Although Neufeld, 25, is “stoked” about fighting in Las Vegas and has given the fight plenty of hype, he said the reward is going to be celebrating the win with his family and friends.
“When I get there, it’s just going to be another ring. I’m going to go in there, do my thing, beat a guy’s ass, get paid for it, and go celebrate with my family in Vegas, of all places,” said Neufeld in an interview.
“I have a troop of people making the trip.”
But standing in front of Neufeld and a Vegas celebration is a tough opponent in Leavitt, who has four of his five victories, including amateur, by submission.
Neufeld said he’s well aware of Leavitt’s skill on the mat, and will look to keep the fight standing and walk out of the cage with a knockout.
“I really believe lighting is going to strike, and it’s going to strike on his jaw,” said Neufeld.
“If I don’t knock him out in the first, I’m prepared to go the full three rounds. It could end up being gritty.

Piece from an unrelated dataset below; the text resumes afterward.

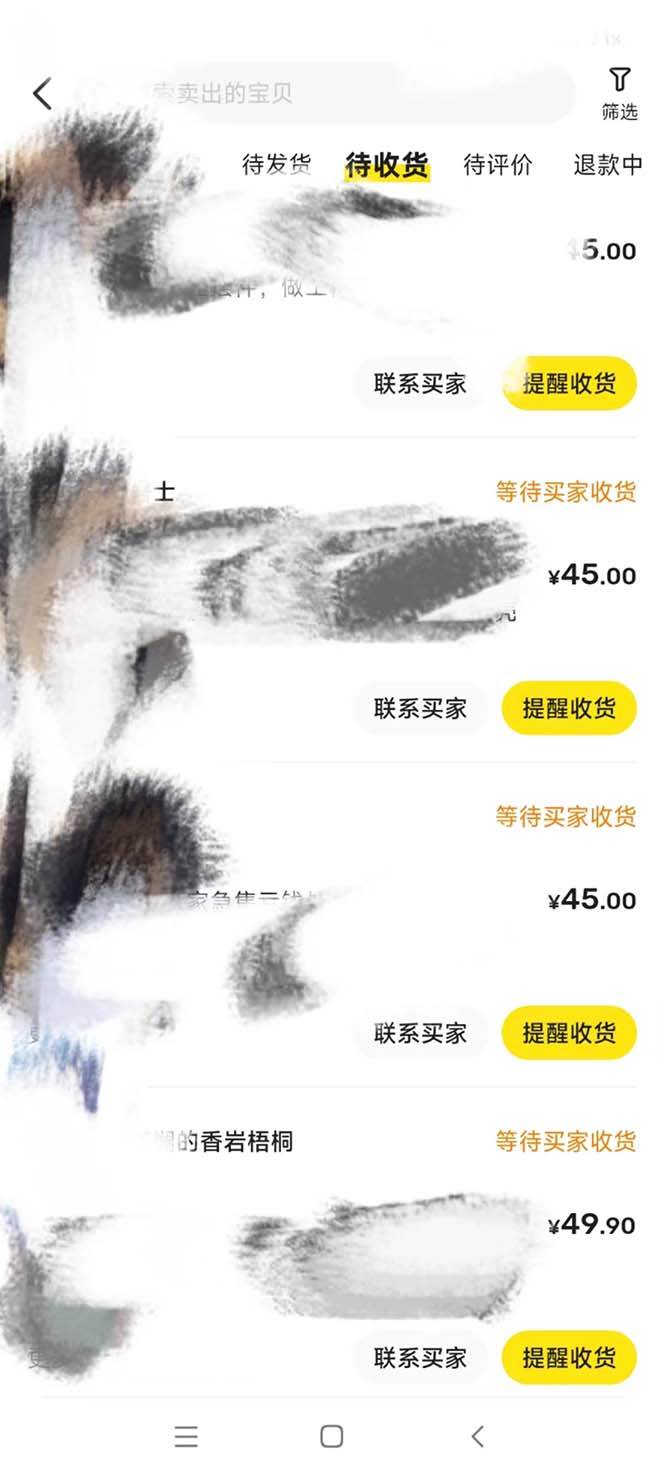 图片[3]-全网咸鱼无货源最新暴力变现 绿色项目每天稳定日入四位数收益-xx网创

He’s tough and has good endurance.”
While Neufeld isn’t looking past Leavitt, he said it’s been confirmed his next fight will be back home in Lethbridge, Alta., when Z-Promotions returns for Fight Night 8 on Jan. 25.
But since reaching 3-0 in his professional career, Neufeld said he’s been taking heat from certain people, including Mahon, for accepting easy fights, and said he would only be proving those people right if he accepted a fight with Mahon, if he had a below .500 record.

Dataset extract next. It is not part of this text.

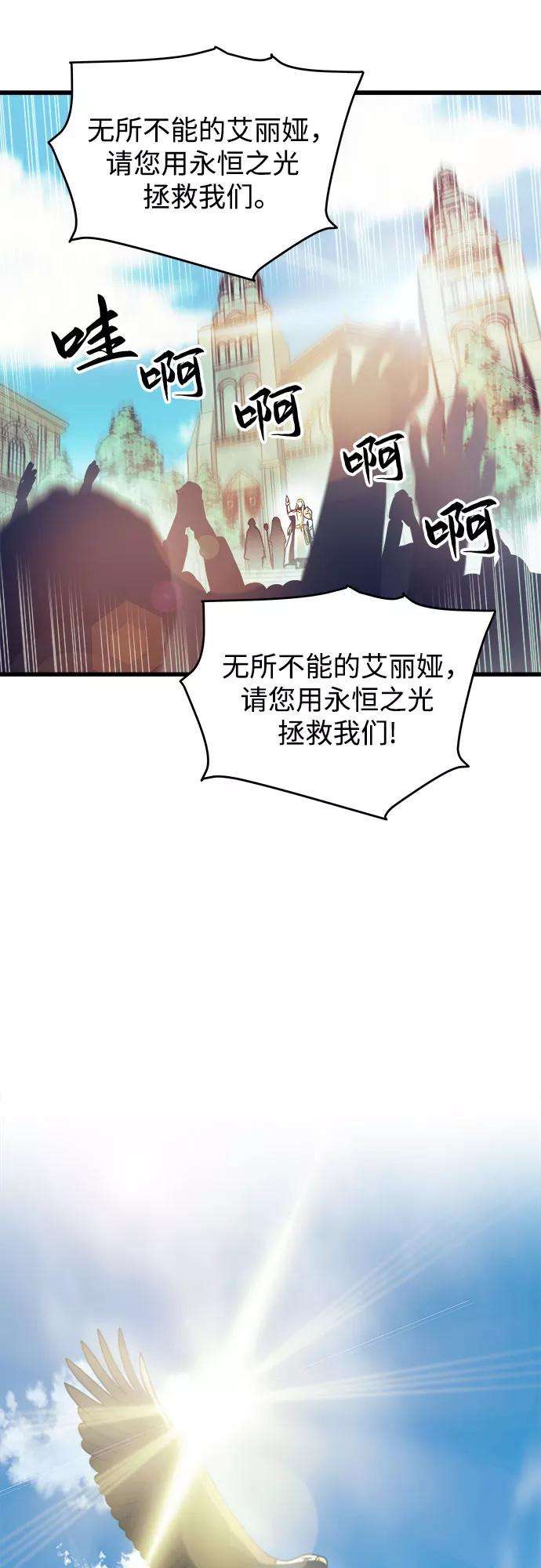 斗神转生记20话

“If he has a losing record coming out of his next fight, there’s no way I’m fighting him,” said Neufeld.
“If he wins his next fight and wants to fight me in January, I’d love to make his wish come true.”
Leavitt Standing Strong
On the opposite side of the cage, Leavitt is looking to ensure Neufeld won’t be undefeated heading into a potential matchup with Mahon, while also remaining undefeated himself.
Although he’s shown a strong jiu-jitsu game so far in his young career, Leavitt said he’s confident in his ability to win this fight, no matter where it goes.

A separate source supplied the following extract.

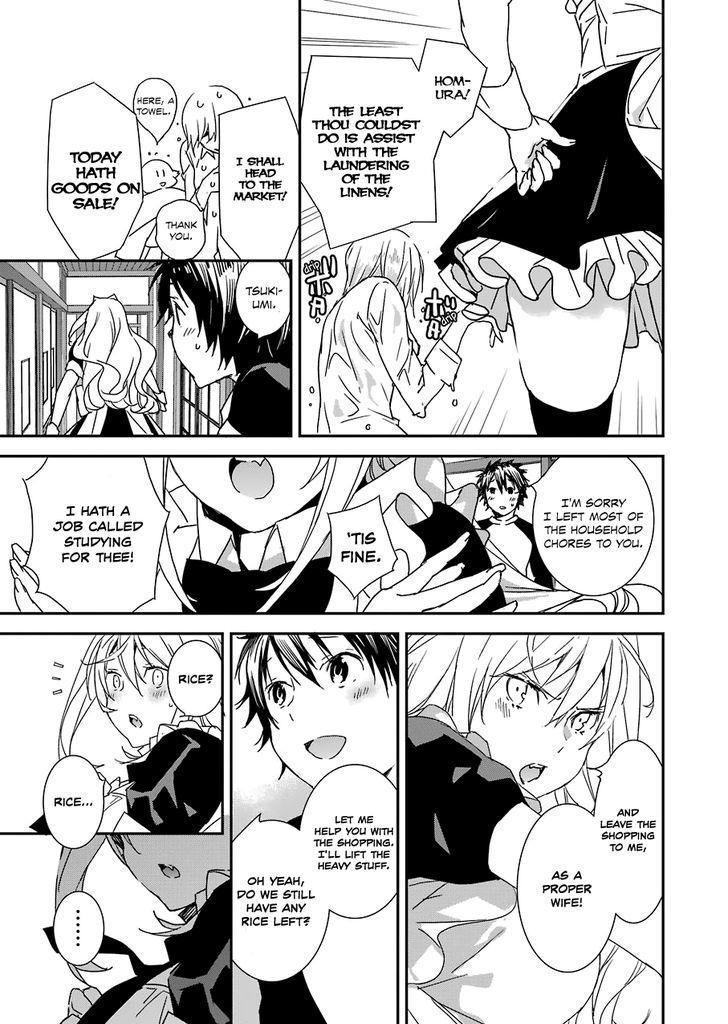 Sekirei - 365 Days Without A Girlfriend Chapter 1 #17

“If I see an opening to enforce my will, I’m going to take it to the ground and do what I usually do in all my fights,” said Leavitt in an interview.
“But I also feel very confident on the feet, and I’m not worried wherever this fight goes.”
With Leavitt being a Las Vegas resident, this will be a hometown fight for the 23-year-old training out of Syndicate MMA.
And while he may have support from the heavy majority of the crowd in attendance, Leavitt said he has one fan who will make enough noise for the entire building.
“The cheers from the crowd probably aren’t going to get to me because my mom is louder than everybody put together,” said Leavitt.
“When my mom is on the sideline, it’s already like I have the whole crowd behind me.”
Following a successful undefeated amateur career, Leavitt kicked off his professional career with a submission win back in Oct. 2017, and doesn’t plan on taking his first loss on Friday.
Although Neufeld is “a nice Canadian dude,” Leavitt said he intends on sending him home with his first loss as a professional.
“I’m going to pressure him, he’s going to try to push me back, but won’t be able to, and I think he’s going to panic,” said Leavitt.
“When that happens, I’m going to find a way to capitalize on it and finish the fight.”
“I just want to thank my friends, my family and my training partners because I can’t do what I want to do with my life without them.”